Westwood residents line up outside the mobile food pantry. (Steve Mark)
“A lot of people here, they don’t have much money and they can’t go to the store to buy food,” said Josie Valchant, a Westwood resident for 31 years.
“It’s great that they come here.”
Valchant is one of 1,700 individuals a month served with no charge by the JFS Mobile Food and Hygiene Pantry, a mobile service that started in July, 2022, and benefits roughly 20,000 families a year.
The mobile pantry has 15 different routes in the Denver area, and each neighborhood served sees the pantry once every two weeks.
“By the time we get here, there’s always a bit of a line,” said mobile pantry coordinator Giustino Izzo.
On the day we visited, the mobile pantry rolled up on South Xavier St.
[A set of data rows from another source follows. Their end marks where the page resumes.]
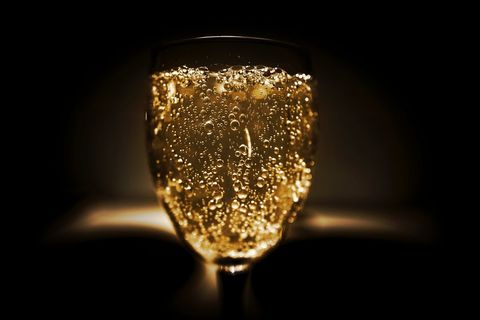 Festive Champagne Glass with Effervescent Bubbles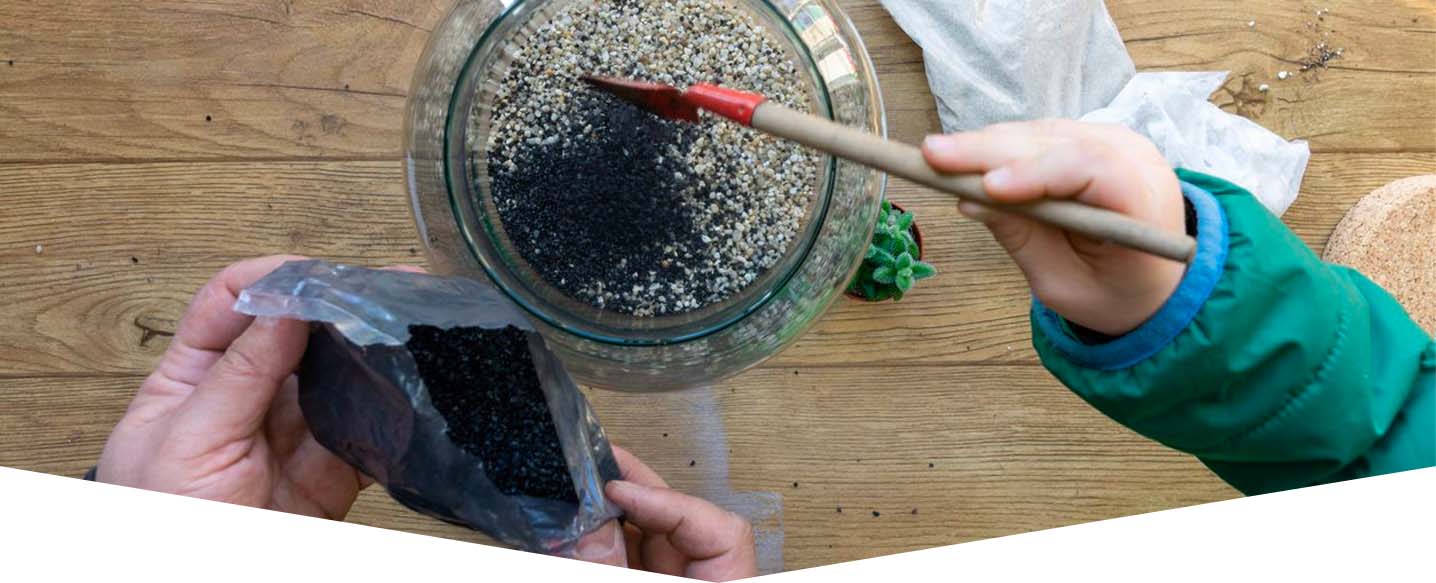 hands filling glass jar with small rocks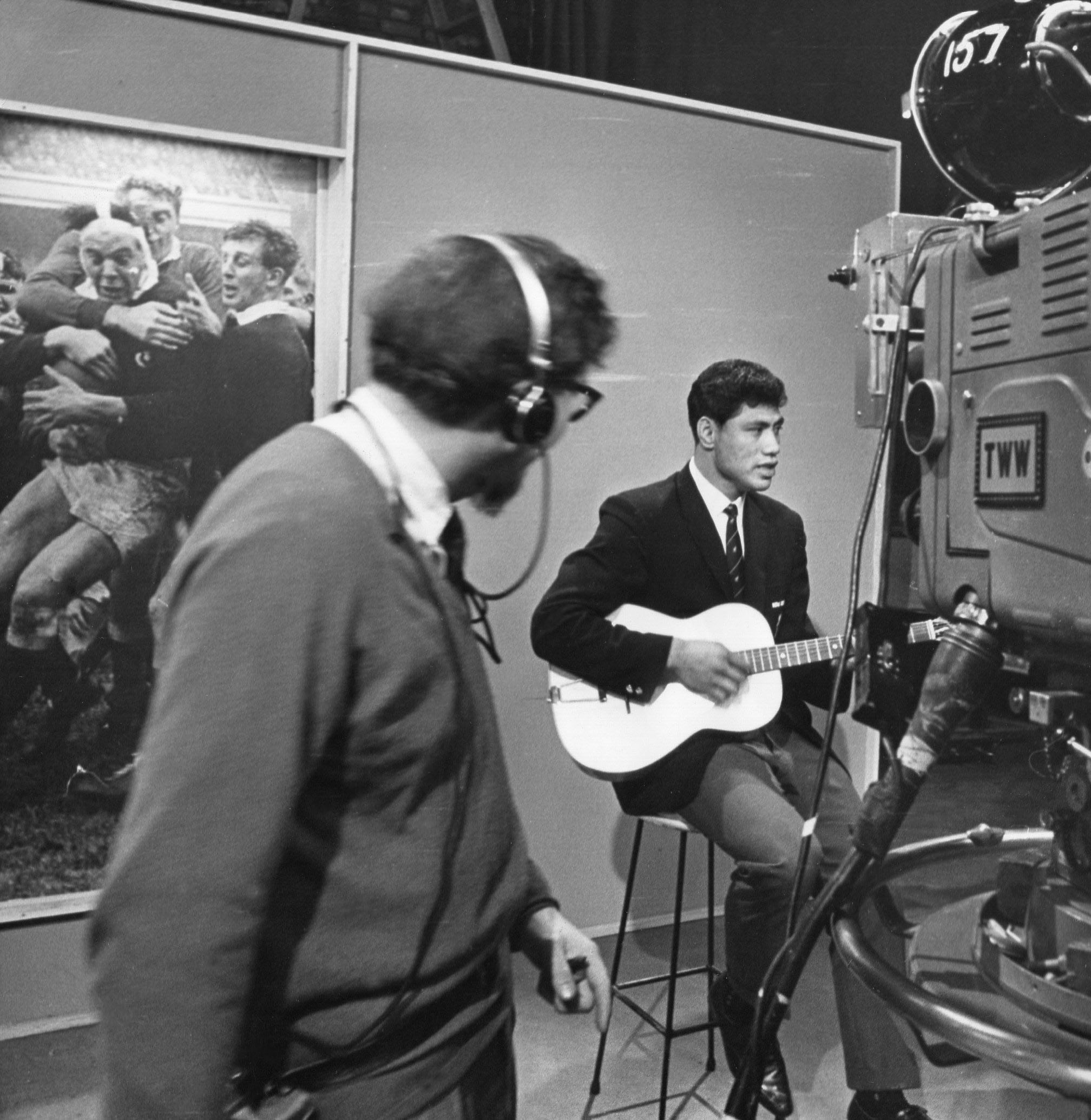 Waka Nathan singing for a TV show while playing his guitar. Photo / Supplied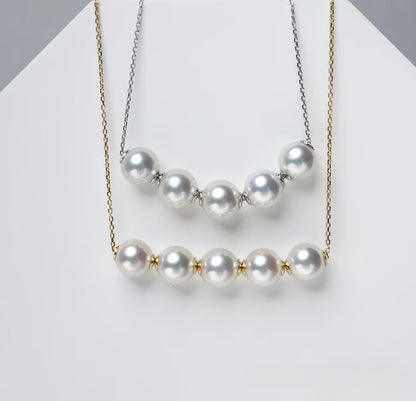 Adjustable freshwater pearl necklace featuring round pearls on 18K solid gold and silver chain.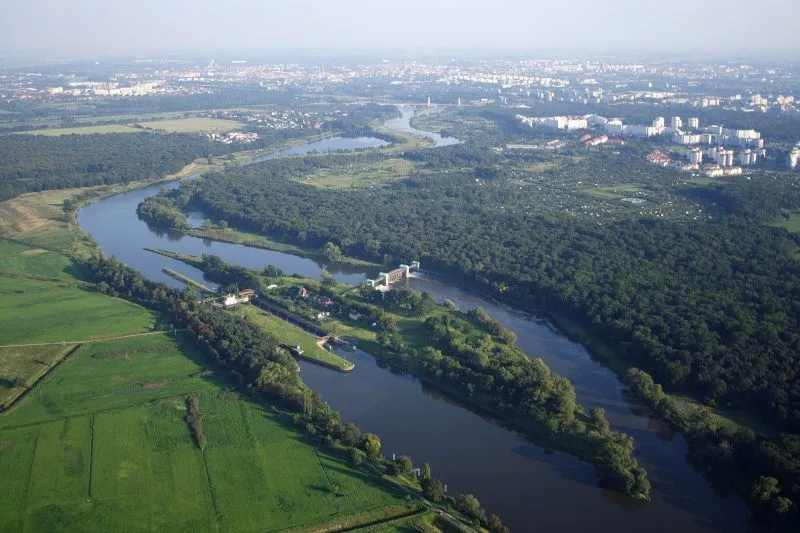 widok z drona na szeroką rzękę, na której znajduję się podłużna wyspa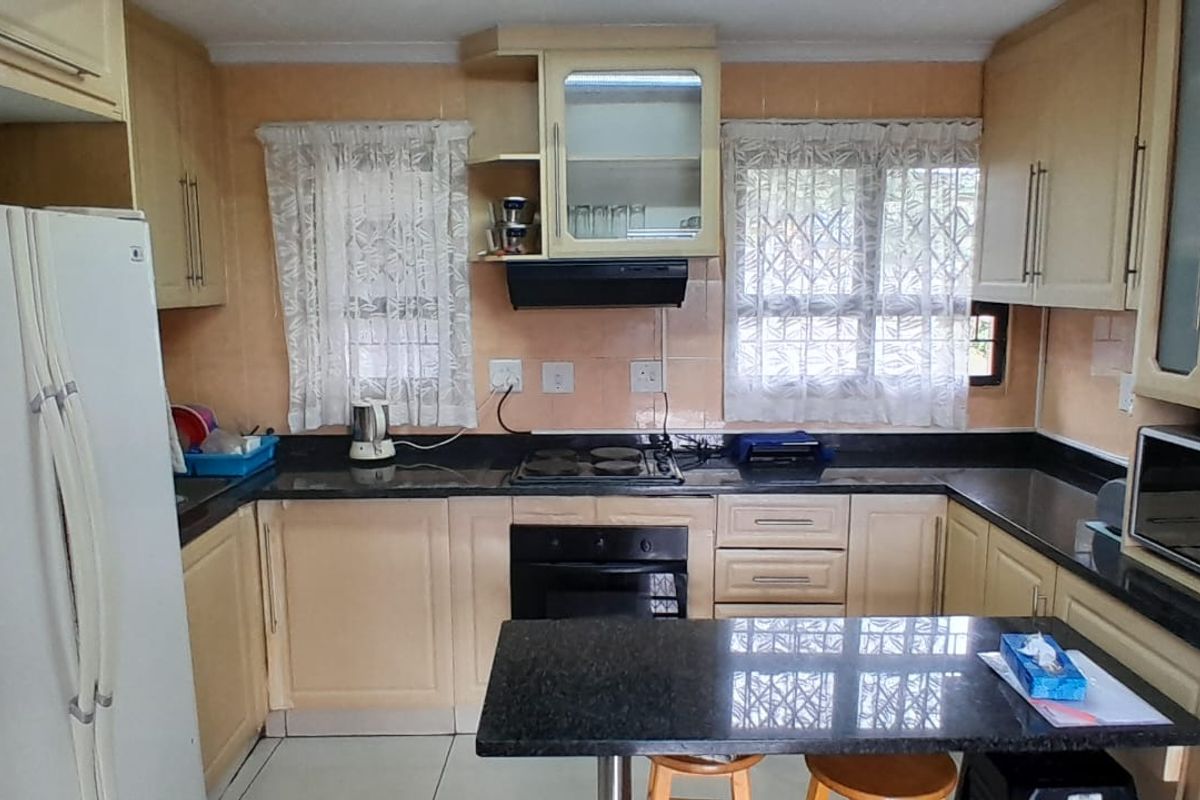 A functional kitchen featuring U-shaped cabinetry, dark granite countertops, a built-in oven, and a hob with an extractor fan.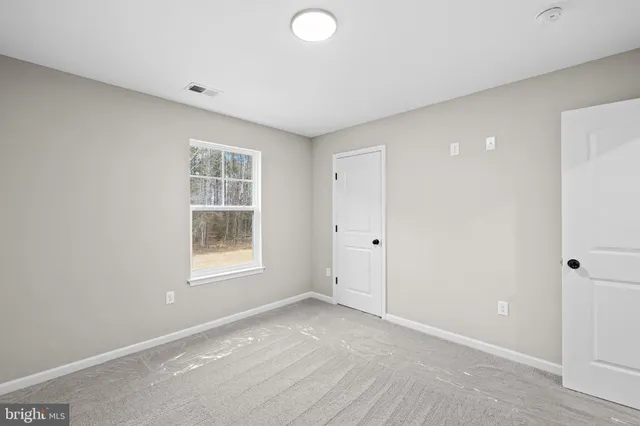 a small white building with a bench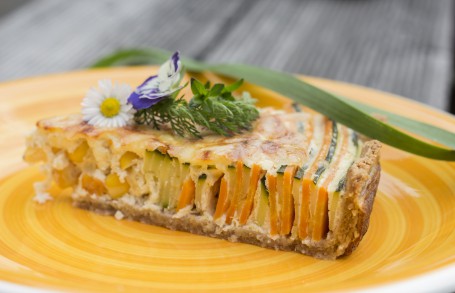 Einkorn-Gemüse-Quiche - Auf einem gelben Teller ist ein Stück der Gemüse Quiche angerichtet. Die abwechselnden Gemüseschichten sind deutlich zu erkennen und sehen sehr bunt aus. Der Überguss ist auf der Oberfläche leicht bräunlich. Auf dem Stück liegt ein Gänseblümchen und eine lila Blüte als Deko. Auch grüne Kräuterzweige sind dekorativ darauf platziert. (Foto: Moritz Lenz - Nicht zur freien Verwendung)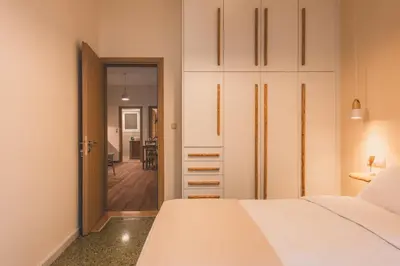 a bedroom with a white bed and a closet at Luxury Apartment with Acropolis view Terrace and Jacuzzi in the Heart of Athens - Living Stone Azurite in Athens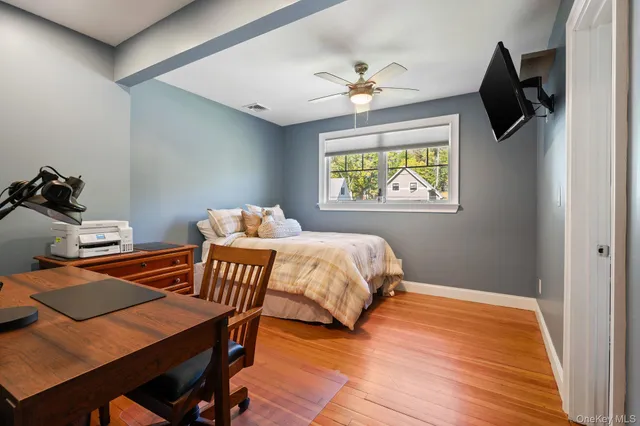 a spacious bathroom with a sink a mirror a vanity and a bathtub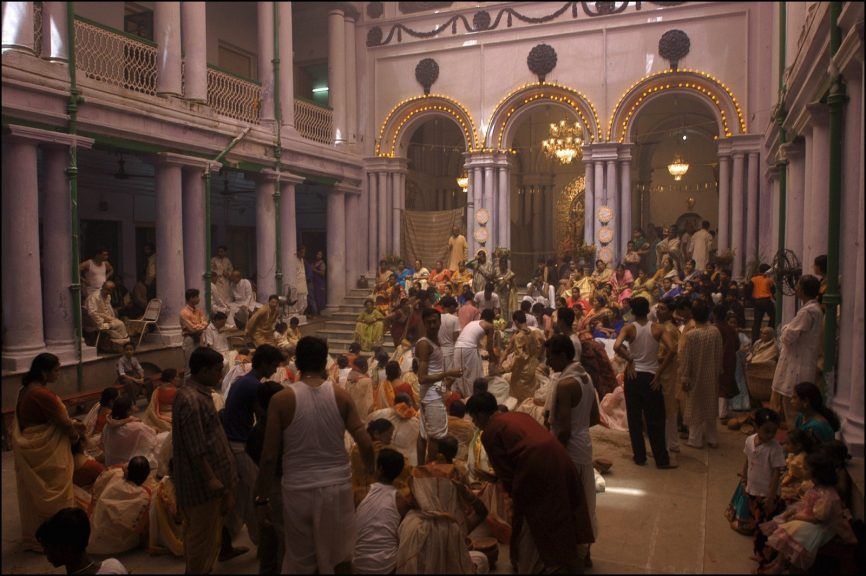 "Split image showing traditional Bengali Durga Puja celebration in ornate pandal with multigenerational devotees contrasted with peaceful Darjeeling toy train journey through green hills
The crew of Izzo, another JFS employee and two volunteers stop at a curb, quickly setting up a tent in an adjacent driveway that shades piles of fruit, vegetables, paper and hygiene products.
Inside the mobile refrigerated pantry are food staples; canned and dry goods, with the top-ranked of needs in any low-income areas: meat. The second-most popular of requested items: canned fruit.
“This is really rewarding for me,” says Izzo, who previously worked at Whole Foods before joining JFS in June. “Whoever needs food, I’d like to give them food.”
The mobile food pantry augments the JFS Weinberg food pantry on Tamarac near Hampden, which serves over 46,000 individuals a year. Some locations on the mobile routes assist over 70 or 80 during each stop.
In Westwood, the sun continues to bake, although those in the neighborhood don’t mind. Most have hats on and some have towels around their necks, but all are sweating rather profusely.
As each resident draws close to the back of the mobile pantry, where there are some metal steps to climb, Izzo chats briefly with each (“Most of them expect me to know each of their names by now. I don’t, but I’m working on it,” he says.) and checks their names on his iPad. In the current climate, ascending the steps into the pantry’s cold environment is a temporary respite from the elements. The real relief comes when volunteer David Nosan points to the glass freezer and asks what kind of meat they prefer.
Then, a few steps away, Nosan’s wife Marla greets the same resident, providing canned goods and other staples and throwing them into a basket.
Once a resident is stocked up in the mobile pantry, they leave the refrigerated van and are greeted at the tent by JFS employee Henry Sellmeyer, who assists with the paper goods and perishables.
One of the customers is a bit methodical, delighted that she has more choices and volume than she expected.
The line dissipates in about 40 minutes, and the residents walk home, thankful for assistance. Their sweat is a small price to pay for the reward.
“This is really nice, because times have gotten hard,” said resident Bianca Varela, a mother of five whose most important item on the shopping list is diapers.
“That’s why I’m here.”
The volunteers collapse the tent and the mobile pantry rolls on. There’s another stop to make, and another line of grateful people awaits.